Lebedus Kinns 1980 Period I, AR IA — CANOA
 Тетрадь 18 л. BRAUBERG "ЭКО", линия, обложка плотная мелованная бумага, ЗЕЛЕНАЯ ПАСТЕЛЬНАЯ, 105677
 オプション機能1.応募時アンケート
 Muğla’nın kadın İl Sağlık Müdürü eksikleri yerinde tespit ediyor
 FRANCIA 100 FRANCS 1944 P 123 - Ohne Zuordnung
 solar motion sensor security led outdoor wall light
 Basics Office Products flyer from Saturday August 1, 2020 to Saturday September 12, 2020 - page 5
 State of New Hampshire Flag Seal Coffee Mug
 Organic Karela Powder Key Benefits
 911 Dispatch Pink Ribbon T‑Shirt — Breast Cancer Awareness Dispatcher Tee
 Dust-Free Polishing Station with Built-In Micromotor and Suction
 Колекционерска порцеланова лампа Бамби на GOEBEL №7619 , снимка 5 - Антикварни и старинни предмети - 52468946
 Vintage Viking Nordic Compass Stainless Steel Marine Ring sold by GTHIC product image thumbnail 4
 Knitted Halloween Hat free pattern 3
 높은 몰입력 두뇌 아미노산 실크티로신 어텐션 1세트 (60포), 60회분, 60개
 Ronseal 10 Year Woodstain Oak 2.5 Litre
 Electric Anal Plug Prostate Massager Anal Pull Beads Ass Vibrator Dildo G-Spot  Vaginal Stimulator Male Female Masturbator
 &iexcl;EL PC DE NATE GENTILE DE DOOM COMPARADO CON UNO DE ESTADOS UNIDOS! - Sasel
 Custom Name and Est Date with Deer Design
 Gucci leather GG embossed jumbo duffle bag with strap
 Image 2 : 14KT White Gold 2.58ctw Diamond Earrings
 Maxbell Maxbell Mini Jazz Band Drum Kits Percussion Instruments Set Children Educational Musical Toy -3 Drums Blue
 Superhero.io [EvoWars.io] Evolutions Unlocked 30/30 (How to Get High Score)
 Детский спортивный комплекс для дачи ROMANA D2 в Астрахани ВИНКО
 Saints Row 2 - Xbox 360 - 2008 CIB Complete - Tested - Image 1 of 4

What the task requires:
Wherever the string "with" appears in a line of the records, copy that line.

Output for this exercise:
 Dust-Free Polishing Station with Built-In Micromotor and Suction
 Custom Name and Est Date with Deer Design
 Gucci leather GG embossed jumbo duffle bag with strap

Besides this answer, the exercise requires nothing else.